Task details.
With the line containing "FujiStability_EURJPY" as the start and the line containing "Лукашэнку пазітыўна ацэньваюць" as the end, transcribe that span of the entries below exactly, including both.
(Dataset extract Opens)
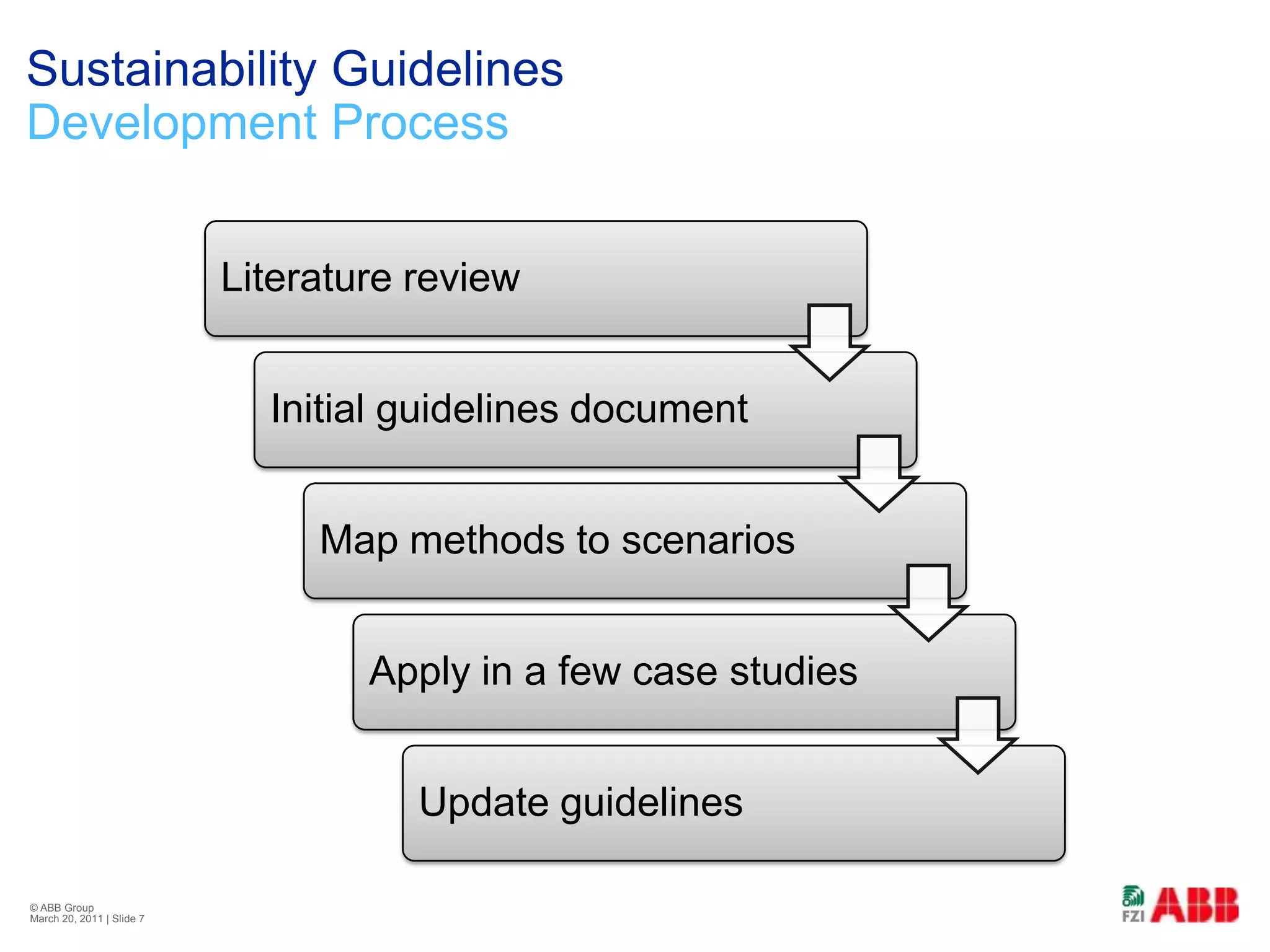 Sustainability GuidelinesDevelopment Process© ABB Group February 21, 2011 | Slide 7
(Dataset extract Closes)
(Dataset extract Opens)
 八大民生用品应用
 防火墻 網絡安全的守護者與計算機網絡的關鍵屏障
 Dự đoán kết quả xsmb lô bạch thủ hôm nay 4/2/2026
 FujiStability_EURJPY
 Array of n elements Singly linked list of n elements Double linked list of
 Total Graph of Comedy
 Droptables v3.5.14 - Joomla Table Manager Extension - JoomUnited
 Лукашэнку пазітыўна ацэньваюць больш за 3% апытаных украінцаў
(Dataset extract Closes)
Answer to the exercise.
 FujiStability_EURJPY
 Array of n elements Singly linked list of n elements Double linked list of
 Total Graph of Comedy
 Droptables v3.5.14 - Joomla Table Manager Extension - JoomUnited
 Лукашэнку пазітыўна ацэньваюць больш за 3% апытаных украінцаў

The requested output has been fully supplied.